The New York Palladium, 21 September 1979. Photographer Pennie Smith is standing in the wings, just off stage left, snapping pictures of the Clash, as they deliver another trademark, fiery performance, for which they’ve become famous. She notices that the band, especially bassist Paul Simonon, seem a bit tetchy, and for good reason: people in the audience are sitting down. Doubly distressing, because not only are the Clash a band who insist that everyone in the crowd be standing, but this is New York, for crying out loud; if there’s one place outside of London that would be excited to see the Clash, it would be New York, but for some unfathomable reason, the enthusiasm doesn’t seem to be coming from the audience on this night.

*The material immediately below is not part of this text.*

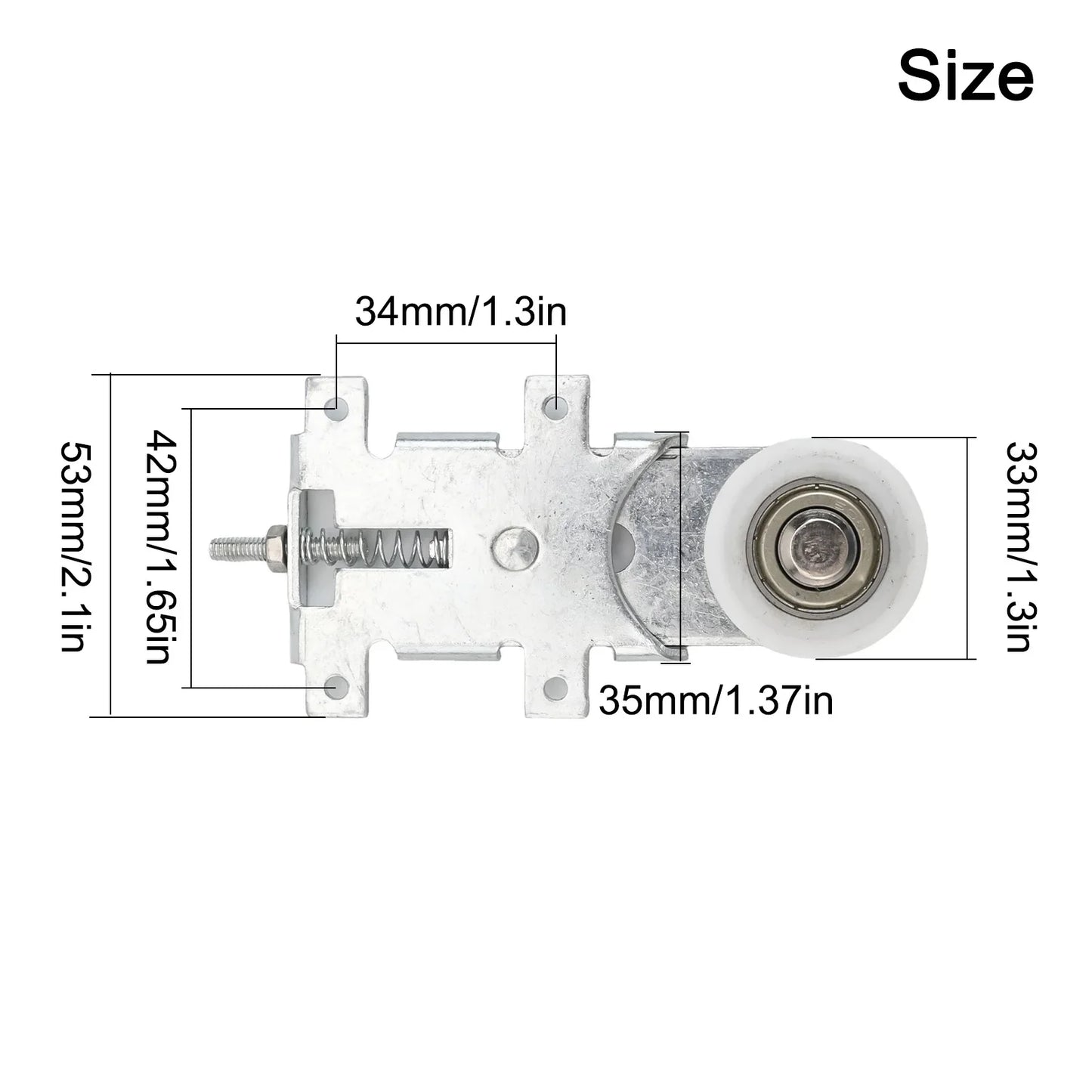 Metal Sliding Door Roller Set – Silver Matte, Wardrobe & Cabinet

Smith, who is standing closest to Simonon, notices a mad gleam in his eye, and she begins to sense that he is about to do something rash, and maybe kind of dangerous. The set ends, and Smith keeps taking photos. She notices through the camera lens that Simonon has removed his bass and is holding it around its neck, advancing ominously towards her. Smith starts to retreat, but keeps pressing the shutter release button…Simonon raises his favorite Fender bass high over his head… click... and brings it down hard on the stage floor… click. Writes former road manager Johnny Green in his Clash memoir, A Riot of Our Own: Night and Day With The Clash, “I looked back onstage to see Simonon clutch his bass neck and start smashing it on the floor like he was chopping wood.”
Part homage, part parody, part brash comment on the state of rock ‘n’ roll, circa 1979, the cover art for the Clash’s landmark London Calling drew its inspiration from Elvis Presley’s own landmark 1956 debut album, but in direct contrast to the cover photo that introduced rock ‘n’ roll to millions, London Calling‘s out of focus photo of Simonon standing, legs akimbo, in the process of smashing his bass with all his might, was the Clash’s declaration of the end of rock ‘n’ roll as we knew it. Elvis started it, and the Clash were dead-set on bringing it all crashing down.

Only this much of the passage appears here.